▶ What the exercise asks
Make an exact copy of the lines from the top of the entries below through the line with "Pioenrozen Eucalyptus Varens". Leave all pictures out.

--- Input ---

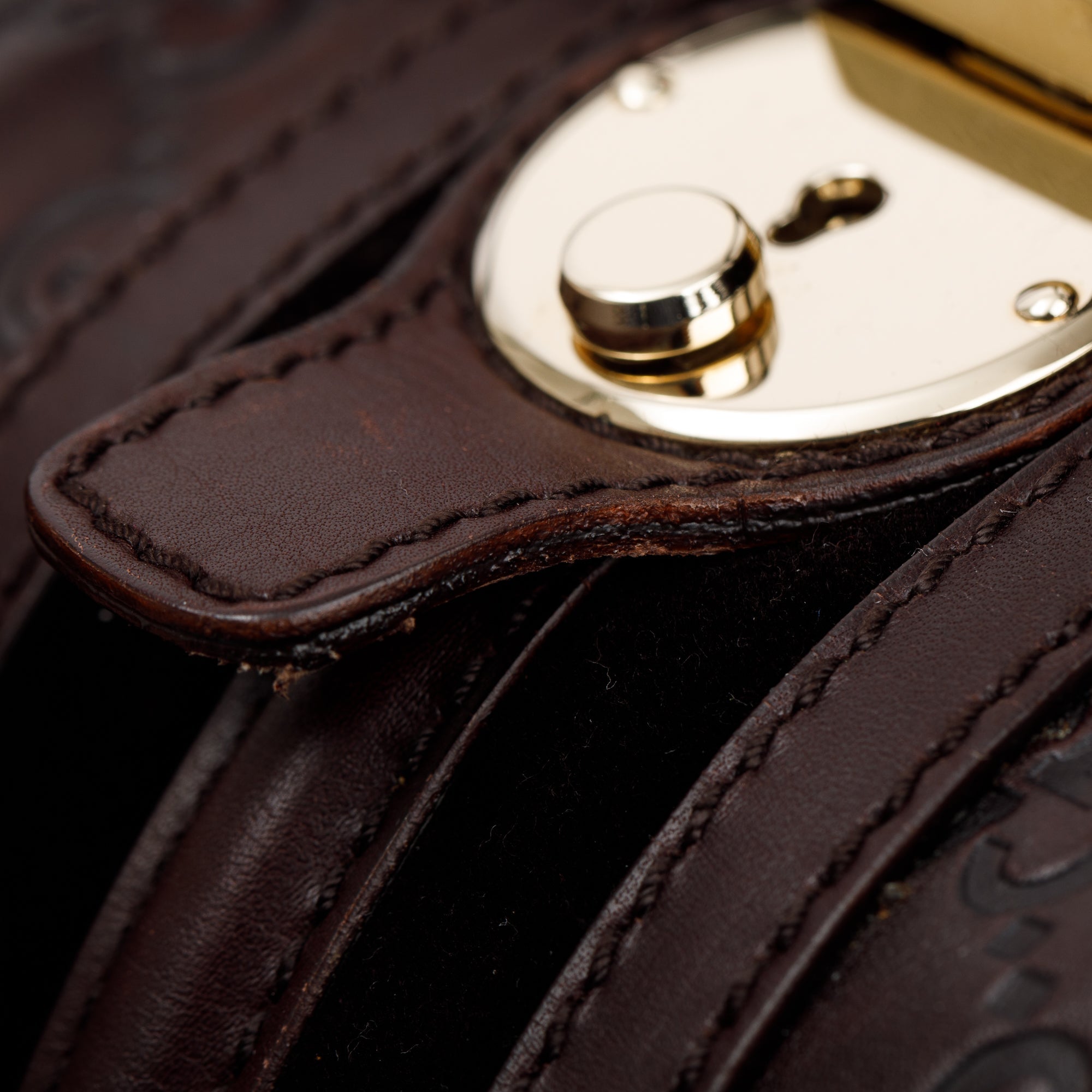 Gucci Brown GG Signature Leather Treasure Boston Bag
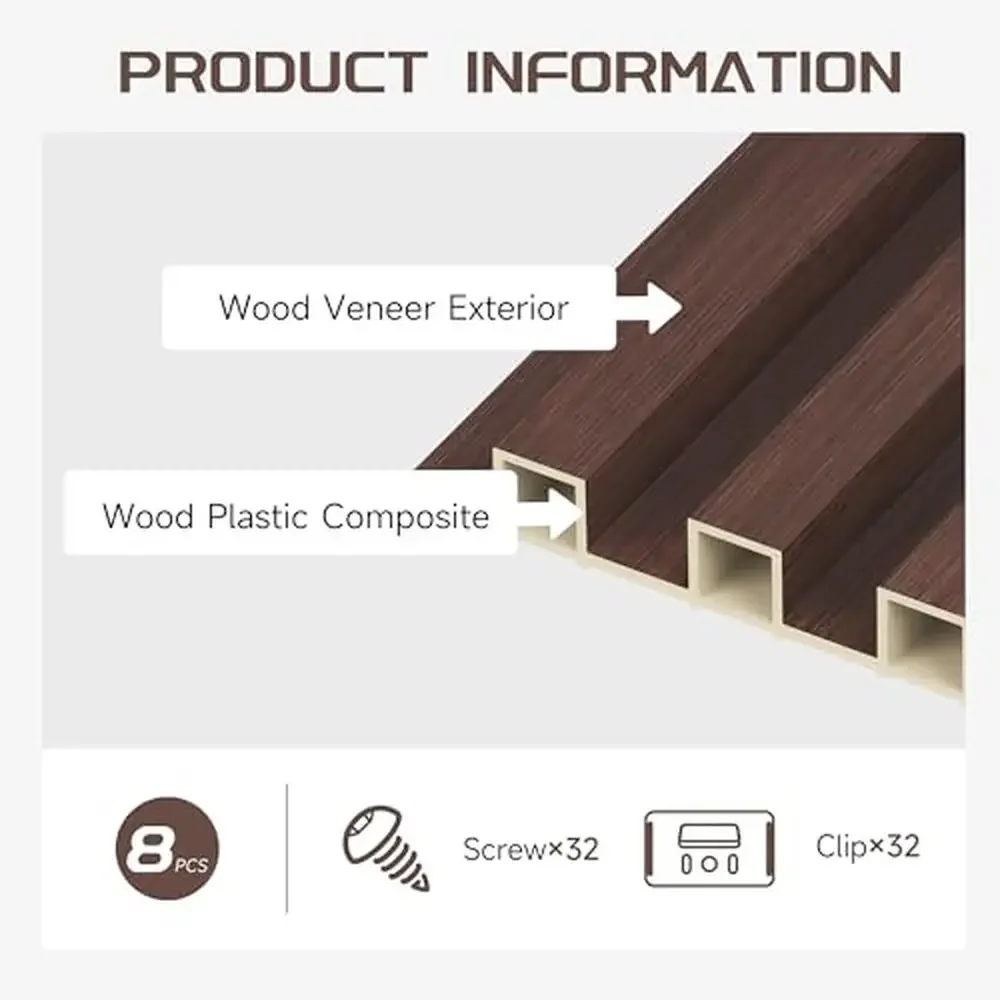 Wood Slat Wall Panels 8 Pack Acoustic Interior Décor Modern Environmentally Friendly Aesthetic Versatile Easy Installation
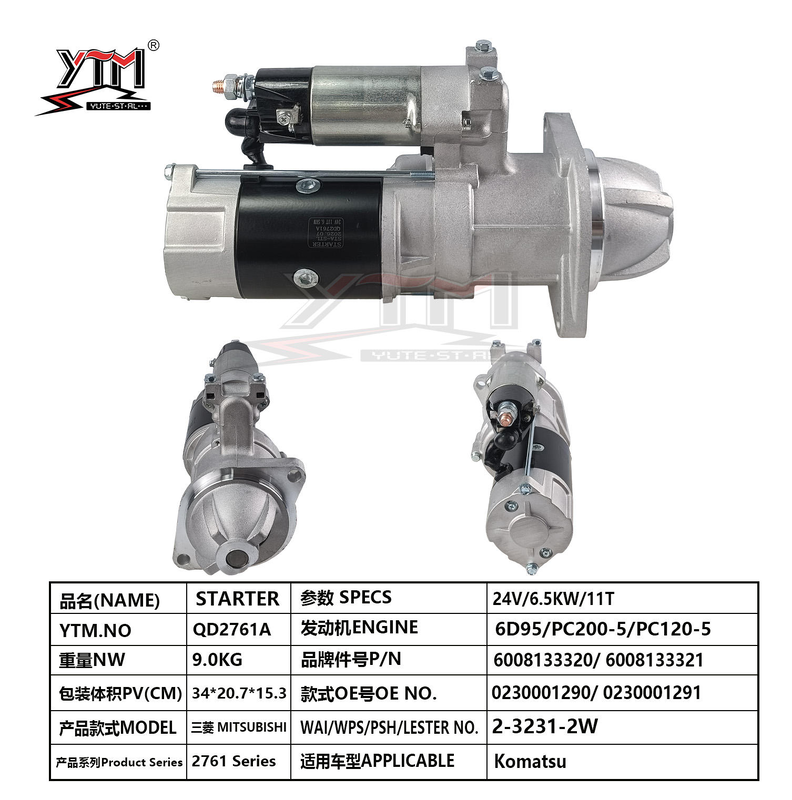 Motor de arranque de 24V y 11T de 6.5KW QD2761A para motor Komatsu PC200-5 PC120-5 6D95 OE 0230001290 6008133320 2-3231-2W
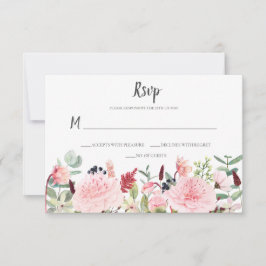 Pioenrozen Eucalyptus Varens Takken Bessen Roze Ac RSVP Kaartje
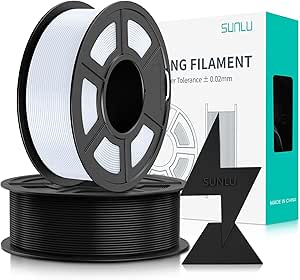 SUNLU High Speed PLA Filament 1.75mm, 30mm/s - 600mm/s Print Range, High Flow Speedy 3D Printer PLA Filament, Designed for Fast Printing, Good for Fast Printing, 1KG*2 rolls Black White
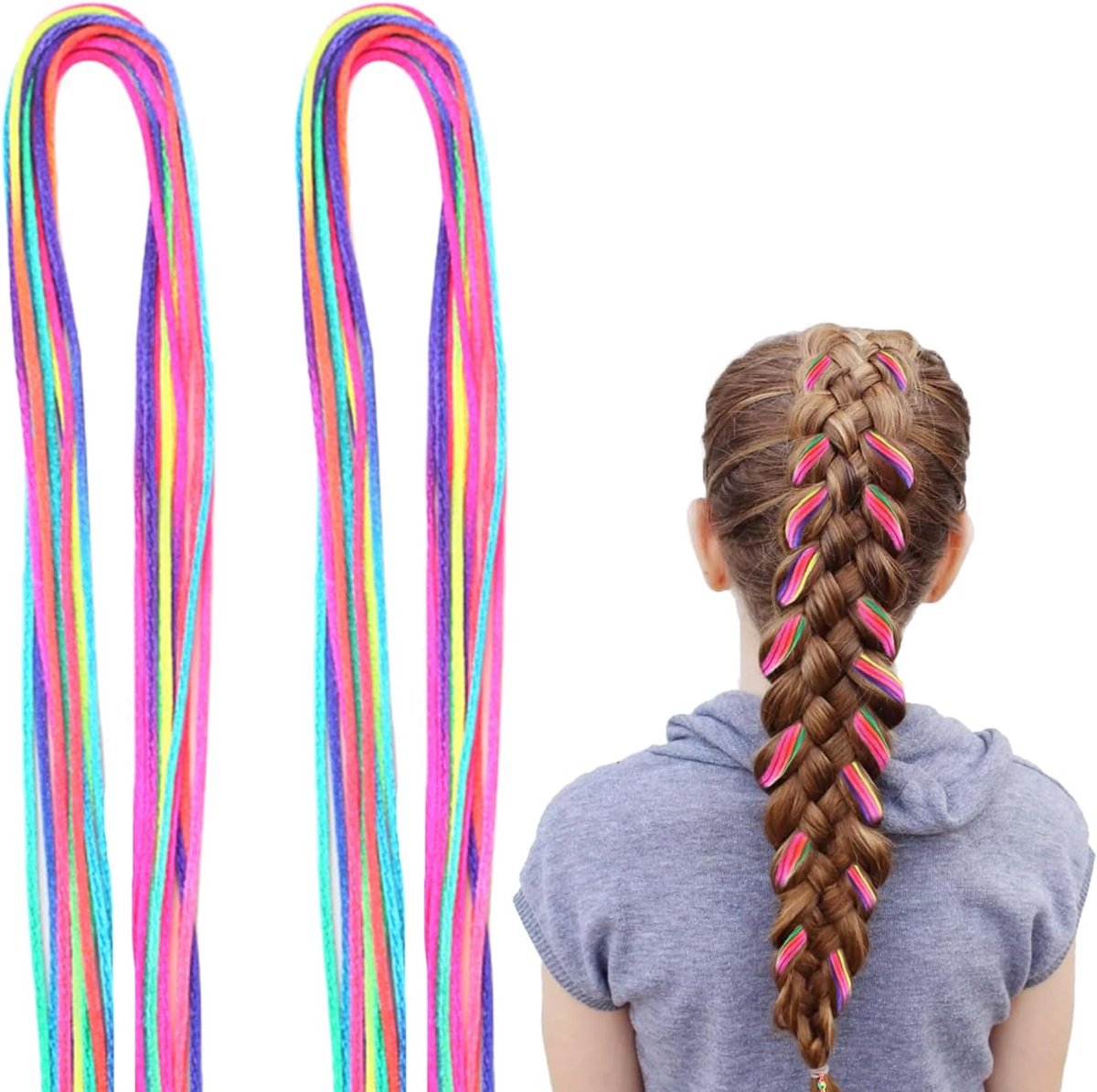 Haarvlechten voor Kinderen 70pcs - Kleurverloop - Modieuze Haaraccessoires - Voor Creatieve Styling - ShopVlot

---

▶ Response for this exercise
 Gucci Brown GG Signature Leather Treasure Boston Bag
 Wood Slat Wall Panels 8 Pack Acoustic Interior Décor Modern Environmentally Friendly Aesthetic Versatile Easy Installation
 Motor de arranque de 24V y 11T de 6.5KW QD2761A para motor Komatsu PC200-5 PC120-5 6D95 OE 0230001290 6008133320 2-3231-2W
 Pioenrozen Eucalyptus Varens Takken Bessen Roze Ac RSVP Kaartje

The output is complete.